La parola empatia, in questi due autori, è però usata occasionalmente e non ha una sua sistemazione teorica chiaramente definita.
Sempre nel campo della speculazione estetica, ma con una visione sicuramente strutturata, si muovono le riflessioni del filosofo tedesco Robert Vischer, vissuto nella seconda metà del secolo scorso.
Al contrario della concezione romantica (la natura intesa come flusso vitale spirituale) la speculazione di Vischer interpreta la natura come contrapposta, alienata dallo spirito, priva di “logos” e di anima. Sempre secondo Vischer è la fantasia umana a trasmettere e a “sentire”, riflessa nella natura, la vita dello spirito. La fantasia si identificherebbe come empatia, intesa come capacità di cogliere la vita della natura esterna come se fosse la vita della natura interna, cioè del corpo umano, unità di natura e di fantasia.
Per entrare maggiormente nello specifico bisogna tener presente che la riflessione di Vischer parte dalla concezione hegeliana del bello come creazione e “riflesso dello spirito” e individua la fantasia come forza misteriosa, interiore e spirituale, che non soltanto è una facoltà estetica, ma la fonte stessa del bello: ragion per cui il bello non sarebbe una cosa in sé, ma un puro atto di intuizione del soggetto.
Sempre secondo Vischer il soggetto, nel momento in cui percepisce un oggetto della natura, lo “aliena” dal suo essere naturale e lo fa rivivere nel suo valore simbolico. Questo valore simbolico rivelerebbe e esprimerebbe l’intima unione della natura e della fantasia, come se esistesse una corrispondenza misteriosa che fa sì che un oggetto naturale possa in qualche modo influire sulle emozioni del soggetto.
La fantasia, sempre secondo Vischer, coglie il valore simbolico della natura attraverso una sorta di “sentire dentro” o “consentire”, attraverso il quale il soggetto esprime la vita della natura come vita spirituale; senza questo atto la natura rimarrebbe inerte.
La vita spirituale della natura può poi essere colta dal soggetto attraverso il ponte di passaggio del corpo, che viene da Vischer definito come unità di natura e di fantasia. E così la capacità del soggetto di cogliere questa “risonanza” della vita della natura viene definita, dallo stesso Vischer, empatia.

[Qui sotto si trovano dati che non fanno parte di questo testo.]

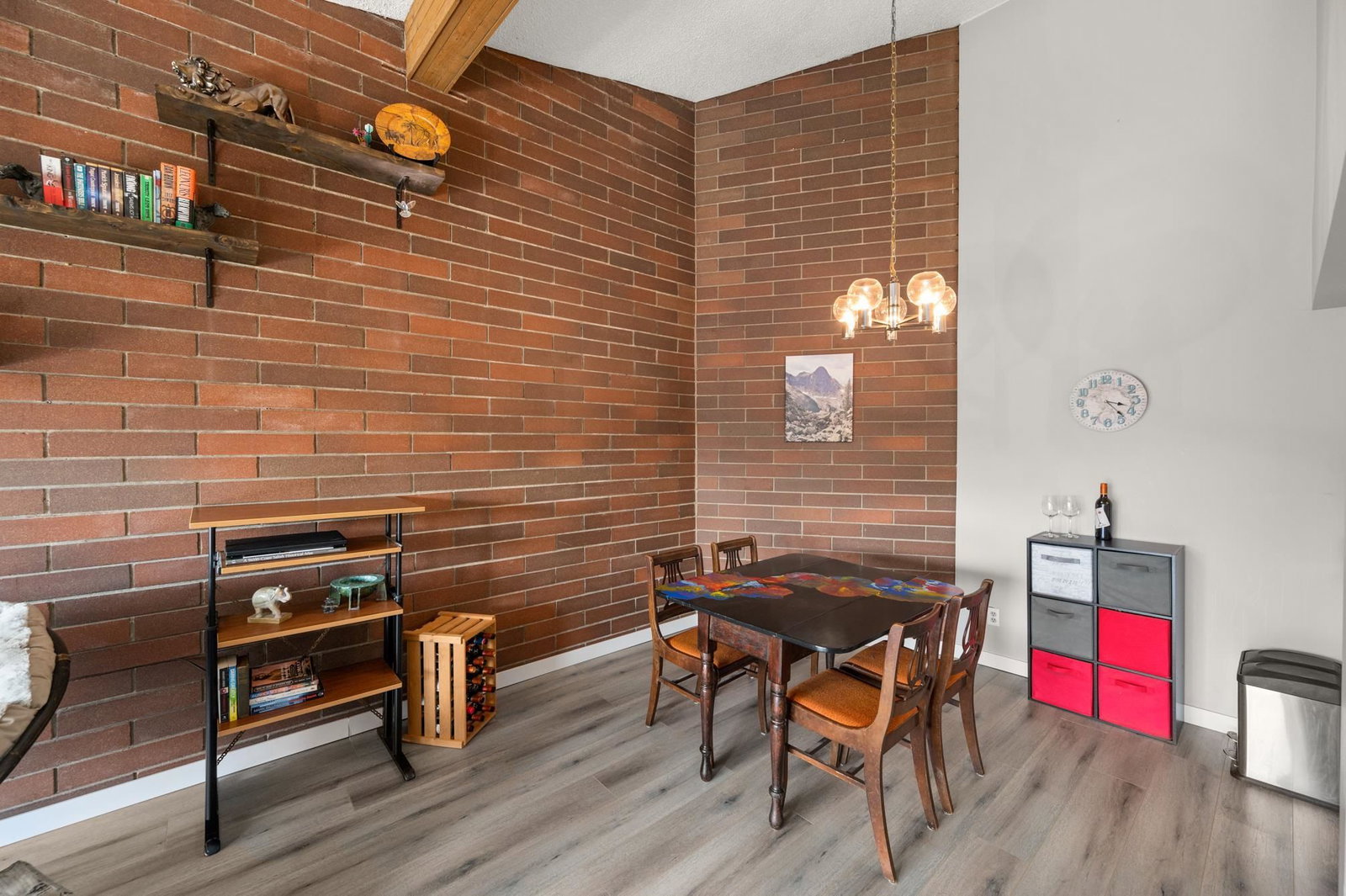 Listing Image 9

Già con quest’ultima definizione siamo all’interno dello scenario della dualità tra un soggetto “monadico” e la natura.
La problematica non coglie ancora la questione fondamentale dell’intersoggetività e della conseguente modalità comunicativa fra i soggetti , ma già lo schema interpretativo è chiaro: l’empatia viene definita come funzione con compito di ricucire un’originaria indifferenziazione e prendersi carico dell’alterità, per ora della natura, ed in seguito del soggetto.
Agli inizi del secolo, e sempre in ambito culturale tedesco, avviene il passaggio dal concetto di empatia in contesto estetico alla nozione impiantata sul terreno della conoscenza e della comunicazione intersoggettiva.

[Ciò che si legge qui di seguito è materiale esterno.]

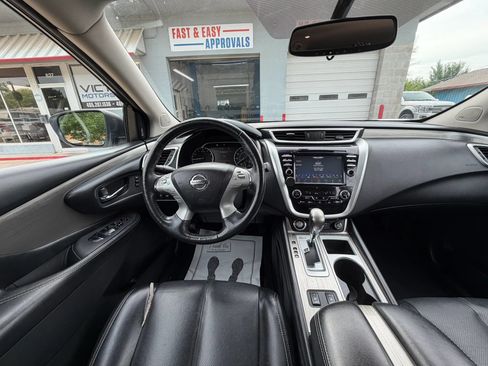 Used 2018 Nissan Murano SL w/ Midnight Edition Package FWD image 12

A favorire questo passaggio è il filosofo Theodor Lipps.
Secondo la sua concezione l’istinto umano è portato ad imitare, a riprodurre i movimenti e gli atteggiamenti altrui.
Quando ciò avviene il soggetto “imitante” ripete non soltanto le manifestazioni esteriori, ma anche gli stati emotivi che si accompagnano alle manifestazioni.
Ripercorrendo cioè realmente o idealmente i movimenti altrui sarebbe quindi possibile “sentire” ciò che l’altro sente e proiettarci in lui, fino a diventare “uno” con l’altro.
Lipps istituisce cioè il concetto di empatia sostanzialmente su un processo innato di imitazione e proiezione, per cui ci si identifica in un altro soggetto pur conservando la propria identità separata.
Il problema di fondo, con maggior chiarezza, diventa la distanza che si è aperta tra i soggetti umani e che rende difficili le condizioni della comunicazione.
A partire da Lipps l’empatia sembra essere destinata non soltanto a ricostituire, in senso platonico, un’ipotetica unità originaria, ma anche a ridare senso e possibilità alle relazioni umane.
L’empatia da un punto di vista fenomenologico
Da un punto di vista filosofico fenomenologico, alla base dell’empatia è rintracciabile quella condizione esistenziale che è “l’essere in un mondo comune a partire dalle prime esperienze”, di natura puramente emozionale.
Secondo questa interpretazione l’uomo vive più negli altri che in se stesso, più nella collettività che come singolo individuo, ragion per cui buona parte delle componenti di fondo che sono alla base della struttura comunicativa hanno la loro radice nell’originaria capacità comprensiva, che si esprime nell’empatia.
Questo capitolo si propone una breve analisi, in ambito fenomenologico, del concetto di empatia elaborato da Edith Stein, filosofa tedesca, allieva di Edmund Husserl [1].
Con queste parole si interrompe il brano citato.